Sunday, January 20, 2008

Far from Heavenly

Director Todd Haynes at home

Just caught up (well, sort of) on the tearsheet section of my site and added a few that have accrued in recent months. More to come soon. We'll just have to wait and see when "soon" really is.

It brings me back to the topic of photography as business. Having gone through years of schooling in photography, I found afterwards that sure, I could make photographs, but I knew nothing about how to make a living out of them. EP (Editorial Photographers) and the APA (Advertising Photographers of America) and their online resources and newsgroup discussions are among the sources I turn to in order to learn how this world works. The online grumblings from these experienced photographers is that the business is changing, undoubtedly for the worse. The internet, the digital revolution, copyright infringement, Richard Prince, and microstock are all contributing factors to the decline of the business. Even with the downright dismal outlook, it seems to be generally agreed upon that there are more new young upstart photographers than ever. And perhaps the most commonly preached advice for the newbie is to keep your pricing consistently within range of the rest of the pack.

As in the Putney Swope clip I posted a few weeks back (which I first saw via EP), the premise is that when photographers are willing to work too cheaply, they bring the overall pricing structure down across the industry and cheapen the business for everyone. I get it. Why would an editor hire an experienced shooter for $500 a day when she could hire one of the other ten accomplished and eager photographers in the same zip code to do the job for half? Well, the trick is to prove oneself better than those other ten photographers, right? Make it worth the magazine's extra dollars to ensure the high quality product they know they can count on with the experienced shooter rather than taking chances on someone who may be a little green and untested.

But what if you're one of those other ten photographers? You're looking for someone to hire you for any job so you can break into the assignment world and build a little momentum. If, like me, you come from the art side of things, you don't have a background in assignment work or making money. So when the first offer comes, and it will, the editor will apologize for the paltry sum she can offer and you'll tell her that it's alright, you're willing to take it because you like what they do there at that magazine you've probably never even heard of and you're just glad to be working with them.
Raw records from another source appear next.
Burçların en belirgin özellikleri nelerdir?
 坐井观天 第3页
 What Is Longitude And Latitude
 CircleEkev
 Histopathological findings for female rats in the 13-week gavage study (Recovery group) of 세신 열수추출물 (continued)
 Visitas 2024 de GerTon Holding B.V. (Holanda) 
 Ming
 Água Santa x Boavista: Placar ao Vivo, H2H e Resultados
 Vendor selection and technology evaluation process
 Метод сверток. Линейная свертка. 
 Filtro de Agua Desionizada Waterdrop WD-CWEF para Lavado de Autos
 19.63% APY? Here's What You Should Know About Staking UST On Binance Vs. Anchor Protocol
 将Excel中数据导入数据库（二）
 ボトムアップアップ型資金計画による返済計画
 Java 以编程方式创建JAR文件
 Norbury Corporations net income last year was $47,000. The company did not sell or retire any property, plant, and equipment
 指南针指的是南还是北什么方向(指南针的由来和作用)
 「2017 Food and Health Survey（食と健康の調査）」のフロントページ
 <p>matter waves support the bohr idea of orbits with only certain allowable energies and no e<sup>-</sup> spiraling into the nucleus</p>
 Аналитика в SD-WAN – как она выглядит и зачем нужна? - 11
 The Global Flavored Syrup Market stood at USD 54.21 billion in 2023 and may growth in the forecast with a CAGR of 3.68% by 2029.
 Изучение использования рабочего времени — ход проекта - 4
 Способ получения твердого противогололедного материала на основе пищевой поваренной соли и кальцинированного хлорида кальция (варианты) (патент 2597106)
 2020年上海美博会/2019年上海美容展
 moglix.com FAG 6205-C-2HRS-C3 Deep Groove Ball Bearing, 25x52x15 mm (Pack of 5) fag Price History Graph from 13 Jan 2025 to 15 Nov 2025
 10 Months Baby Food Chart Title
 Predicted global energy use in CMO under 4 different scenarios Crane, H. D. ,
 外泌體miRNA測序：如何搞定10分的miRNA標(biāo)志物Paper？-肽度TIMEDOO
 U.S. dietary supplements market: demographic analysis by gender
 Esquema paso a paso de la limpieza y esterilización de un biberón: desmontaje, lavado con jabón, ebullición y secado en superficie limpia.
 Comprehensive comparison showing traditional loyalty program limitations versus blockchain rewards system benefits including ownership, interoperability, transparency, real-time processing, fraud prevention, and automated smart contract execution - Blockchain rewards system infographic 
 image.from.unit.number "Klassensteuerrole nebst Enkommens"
And as soon as you hang up the phone, you're going to plan dinner out that very night to celebrate the fact that someone out there in the world seems to like what you do and they're going to give you enough money for making a picture that you can afford to not only make that picture, but even buy a dinner to celebrate the job that, in terms of actual net income, will pretty much only go as far as covering your expenses and buying that dinner. But still, of course you will do it, spiraling down the whole time. How could you not? Who doesn't like being appreciated and eating dinner out?

But a couple years later, it gets a little more complicated when you've had enough of this kind of work to think that you know better. Now, you realize that every job isn't exactly fun. Sometimes they're a little grueling. Sometimes the subjects are difficult. Sometimes the reimbursement/payment on the celebratory dinner you put on your credit card comes 90 days late. So what do you do when you get an offer from another small magazine with big dreams and good intentions, and a budget to match? Well, in my case, you hem and haw and put it off a little and debate the above factors and question whether or not you should do the job at all. And then you do it. Of course you fucking do it... they want you to photograph Todd Haynes. Superstar, Safe, Far From Heaven... that Todd Haynes.

So, consider this both a confession and an apology to all of you out there trying to make a living while starstruck pansies like myself are willing to dwell off the bottom and use our cameras as passports to get us places where we wouldn't normally be invited. Like Todd Haynes' house. Sorry, really, but I couldn't help it.